Getränke News: Stichwort KI, die wird in vielen Unternehmen noch nicht eingesetzt, es gibt Vorbehalte. Was sagen Sie dazu?
Lude: Digitalisierung und KI sind wie ein Ziegelstein. Man kann damit ein Fenster einwerfen oder ein Haus bauen. Das Mindset muss aber Häuserbauen sein. Von KI werden vor allem kleinere Unternehmen profitieren. Große Unternehmen haben riesige Budgets für Marketing und Kommunikation. Es werden Agenturen beauftragt, Grafiker, Fotografen, Filmemacher etc., um hochwertige Kampagnen zu produzieren. Da konnten kleinere Unternehmen bislang nicht mithalten. Das wird sich nun ändern. Mit Hilfe der KI können hochwertige Videos, Fotos, Grafiken und vieles mehr mit kleinen Budgets hergestellt werden.
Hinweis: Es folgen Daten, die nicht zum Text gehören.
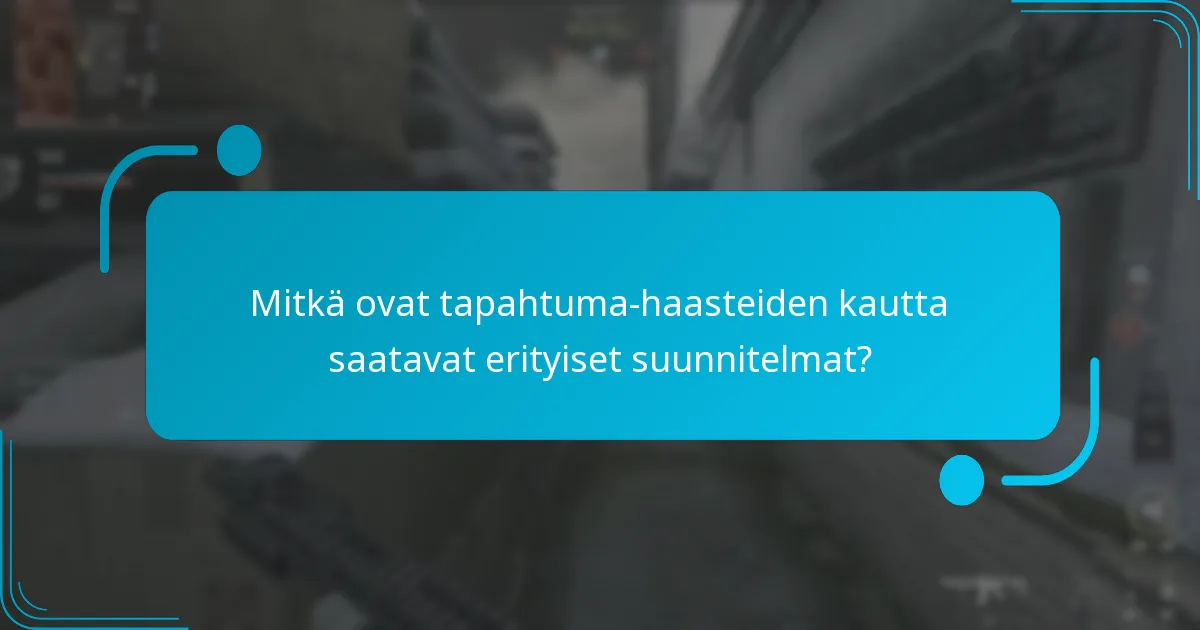Mitkä tapahtuma-haasteet tarjoavat parhaat palkinnot?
Für kleinere Unternehmen kann die KI zu einem Gamechanger werden.
Getränke News: Wie kann man den Leuten die Berührungsängste vor KI nehmen?
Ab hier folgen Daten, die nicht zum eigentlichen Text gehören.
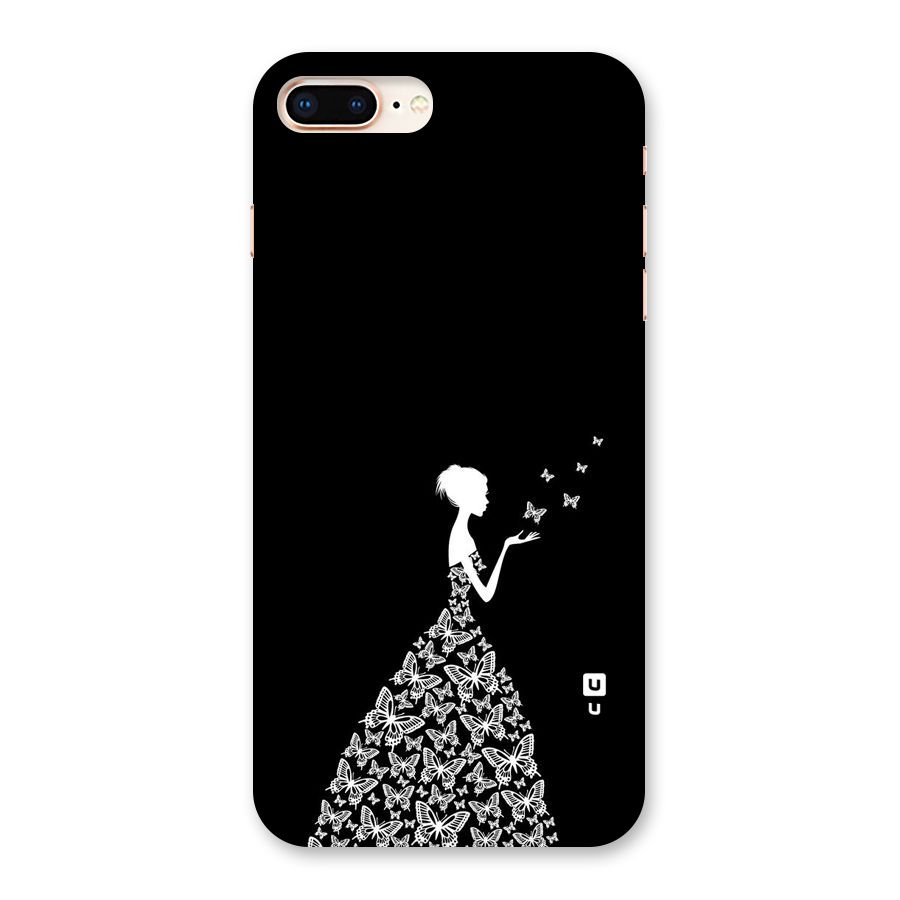 Butterfly Dress Back Case for iPhone 8 Plus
Lude: Man sollte sich dem Thema langsam und unaufgeregt nähern. Es gibt Workshops, in denen die Teilnehmer langsam und spielerisch mit KI vertraut gemacht werden. Dadurch werden schnell die Hürden abgebaut und jeder merkt, dass KI keine Raketenwissenschaft ist, sondern eine enorm nützliche Hilfe für sein Geschäft. Lasst uns hier positiv bleiben, denn wir haben mehr direkten Einfluss auf die Gestaltung unserer Zukunft als wir denken! Lasst uns also gemeinsam eine positive Zukunft gestalten.
Getränke News: Die Brauwirtschaft befindet sich in einer Krise. Jahr für Jahr wird in Deutschland weniger Bier getrunken, da hilft auch keine KI. Auf welche Zukünfte sollten sich die Brauer einstellen?
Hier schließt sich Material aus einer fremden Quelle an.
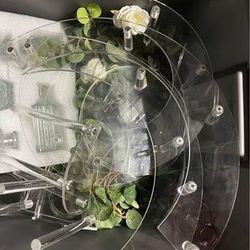 Lot of wedding decor (garland, glassware, cupcake stands)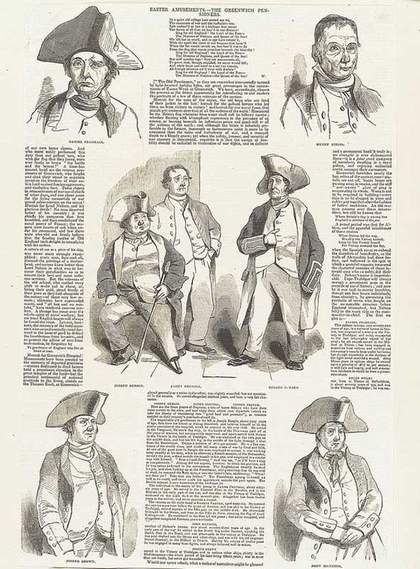 Easter Amusements – The Greenwich Pensioners from the Illustrated London News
Lude: Verpasse niemals die Chancen einer guten Krise. Aus Krisen entstehen neue Opportunitäten. Fast 50 Prozent der größten Firmen in den USA (Fortune 500) sind während Krisen und ökonomischen Tiefphasen entstanden: Von Airbnb über Uber bis hinzu Dropbox. Allesamt während der Finanzkrise 2007-2009 entstanden. Wenn der Bierkonsum sinkt, steigt der Konsum anderer Getränke. Aktuell boomt der Markt für Milch- und Fleischersatz-Produkte oder gesundheitsfördernde und gesunde Getränke. Die Brauer könnten sich mit ihrer Expertise daran beteiligen und Bier-Kapazitäten frei geben für andere Getränke oder andere Produkte. Sie sollten vor allem flexibel bleiben und die Krise als Chance begreifen.
Unser Gesprächspartner
Prof. Dr. Maximilian Lude ist Unternehmer, Wissenschaftler und Speaker. Als Co-Gründer und Geschäftsführer der philoneos GmbH, einem Zukunftsbureau für Familienunternehmen in München, begleiten er und sein Team familiengeführte Unternehmen rundum Innovation, Transformation und Zukunft der Arbeit. Er ist Professor an der Tomorrow University und Dozent an verschiedenen Universitäten (u.A. Zeppelin Universität, Politecnico Milano, TU München), publiziert regelmäßig in renommierten Fachzeitschriften und hält Vorträge auf nationalen wie internationalen (Wissenschafts)Bühnen.